== Segment start ==

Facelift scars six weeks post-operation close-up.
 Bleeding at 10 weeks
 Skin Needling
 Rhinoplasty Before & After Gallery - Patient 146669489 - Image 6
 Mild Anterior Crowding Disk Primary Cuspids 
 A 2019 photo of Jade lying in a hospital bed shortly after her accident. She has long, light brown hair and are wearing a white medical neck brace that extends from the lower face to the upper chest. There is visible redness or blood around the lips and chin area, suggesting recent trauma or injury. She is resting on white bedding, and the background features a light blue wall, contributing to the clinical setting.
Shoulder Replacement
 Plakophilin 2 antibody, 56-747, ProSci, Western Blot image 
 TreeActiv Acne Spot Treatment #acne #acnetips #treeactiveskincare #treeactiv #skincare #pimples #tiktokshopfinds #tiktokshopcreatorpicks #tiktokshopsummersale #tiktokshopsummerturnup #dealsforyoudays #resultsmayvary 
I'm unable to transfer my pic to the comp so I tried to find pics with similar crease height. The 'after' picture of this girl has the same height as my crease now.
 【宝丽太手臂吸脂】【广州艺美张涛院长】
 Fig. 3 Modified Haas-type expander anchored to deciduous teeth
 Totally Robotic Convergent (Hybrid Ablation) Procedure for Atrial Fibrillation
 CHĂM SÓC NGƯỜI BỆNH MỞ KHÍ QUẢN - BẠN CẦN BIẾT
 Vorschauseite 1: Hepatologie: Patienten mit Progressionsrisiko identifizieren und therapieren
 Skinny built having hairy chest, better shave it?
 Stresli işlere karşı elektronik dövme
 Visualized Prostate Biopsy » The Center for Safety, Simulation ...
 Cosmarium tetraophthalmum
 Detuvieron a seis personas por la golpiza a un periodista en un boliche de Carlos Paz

== Segment end ==

REQUIRED WORK. The response is the exact set of lines from the one holding "Vorschauseite 1: Hepatologie: Patienten" through the last line of the material.

TASK OUTPUT.
 Vorschauseite 1: Hepatologie: Patienten mit Progressionsrisiko identifizieren und therapieren
 Skinny built having hairy chest, better shave it?
 Stresli işlere karşı elektronik dövme
 Visualized Prostate Biopsy » The Center for Safety, Simulation ...
 Cosmarium tetraophthalmum
 Detuvieron a seis personas por la golpiza a un periodista en un boliche de Carlos Paz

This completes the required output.